Segundo o conceito amplo da Organização Mundial da Saúde (OMS), ter saúde vai além da mera ausência de doenças – só se pode falar em saúde quando há um completo bem-estar físico, mental e social. Sendo parte integrante essencial da saúde, portanto, a saúde mental também não se limita a ausência de transtornos mentais ou deficiências. Ter saúde e bem-estar mental é condição fundamental para que o indivíduo, através de suas habilidades emocionais e cognitivas, realize suas próprias habilidades, lide com as tensões e desafios normais da vida, trabalhe de forma produtiva e seja capaz de contribuir com a sua comunidade. Devido às particularidades culturais e à subjetividade, uma definição rigorosa sobre saúde mental é praticamente inviável.
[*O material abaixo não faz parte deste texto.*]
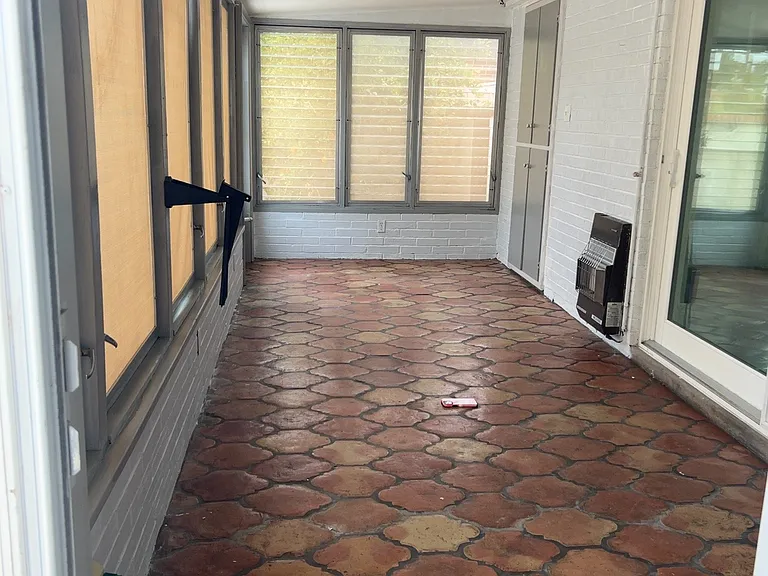 6042 E Eastland St — Photo 20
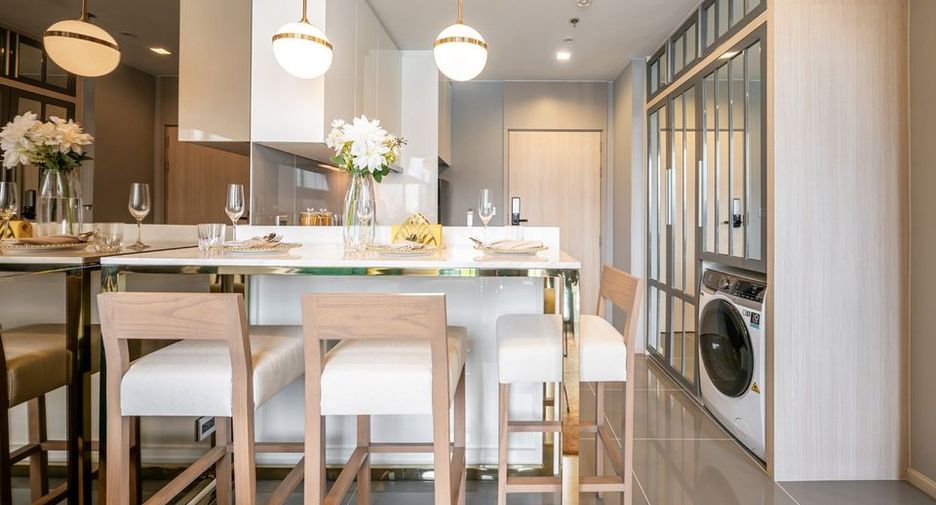 For rent 2 bedrooms apartment in Watthana, Bangkok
É cada vez maior a pressão na vida profissional
Para prosperar em um mundo que muda rapidamente, precisamos aproveitar ao máximo nossos recursos – mentais e materiais. Em uma sociedade globalizada e competitiva é cada vez maior a pressão na vida profissional. Soma-se à esta pressão as crescentes demandas advindas da evolução da estrutura familiar e do aumento das responsabilidades tanto em relação às crianças quanto aos idosos. Com o aumento de expectativa de vida na maioria das nações industrializadas, um número cada vez maior de pessoas estará em risco para doenças degenerativas em idades mais avançadas. Neste sentido, a promoção, proteção e restauração da saúde mental pode ser considerada uma preocupação vital dos indivíduos, comunidades e sociedades em todo o mundo.
O campo da saúde mental teve uma grande evolução, particularmente a partir do início dos anos 2000. Nesse período, marcos importantes como o World Mental Health Report (OMS), o mhGAP program, o Lancet Global Mental Health Series, o Mental Health Movement, e outras iniciativas trouxeram um entendimento melhor sobre os custos da doença mental e qual deve ser a resposta a estes custos, baseada em evidências científicas. A saúde mental tem sido reconhecida cada vez mais como uma prioridade de saúde global, e diante da elevada carga econômica das doenças mentais, também tem sido considerada como uma prioridade para o desenvolvimento global, levando ao consenso de que saúde mental e bem-estar devem fazer parte das diretrizes para uma cobertura de saúde universal.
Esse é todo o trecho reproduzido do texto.